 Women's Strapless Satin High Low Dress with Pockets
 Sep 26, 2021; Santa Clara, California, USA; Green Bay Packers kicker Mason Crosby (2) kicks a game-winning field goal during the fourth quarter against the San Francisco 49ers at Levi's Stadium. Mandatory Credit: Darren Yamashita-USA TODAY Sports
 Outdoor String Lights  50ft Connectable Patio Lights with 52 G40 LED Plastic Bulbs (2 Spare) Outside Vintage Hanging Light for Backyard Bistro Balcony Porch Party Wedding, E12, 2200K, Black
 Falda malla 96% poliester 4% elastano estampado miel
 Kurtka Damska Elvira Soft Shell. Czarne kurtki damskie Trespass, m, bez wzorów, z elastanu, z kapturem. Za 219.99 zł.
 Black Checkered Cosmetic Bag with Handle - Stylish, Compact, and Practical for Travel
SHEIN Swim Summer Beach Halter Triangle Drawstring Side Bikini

* * *

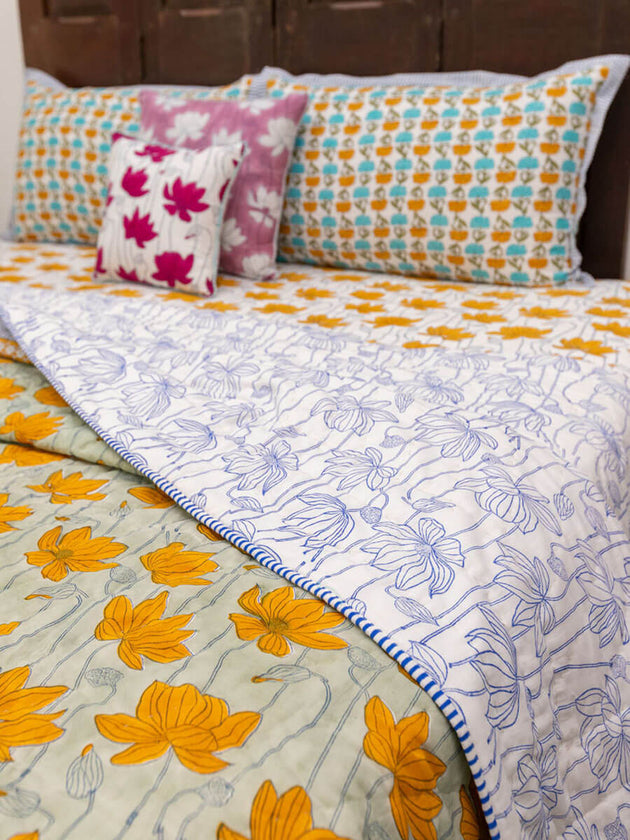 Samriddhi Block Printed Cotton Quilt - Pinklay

== What you will do ==
Lines from the entries that contain the word "with" are what the answer must hold.

== Answer section ==
 Women's Strapless Satin High Low Dress with Pockets
 Outdoor String Lights  50ft Connectable Patio Lights with 52 G40 LED Plastic Bulbs (2 Spare) Outside Vintage Hanging Light for Backyard Bistro Balcony Porch Party Wedding, E12, 2200K, Black
 Black Checkered Cosmetic Bag with Handle - Stylish, Compact, and Practical for Travel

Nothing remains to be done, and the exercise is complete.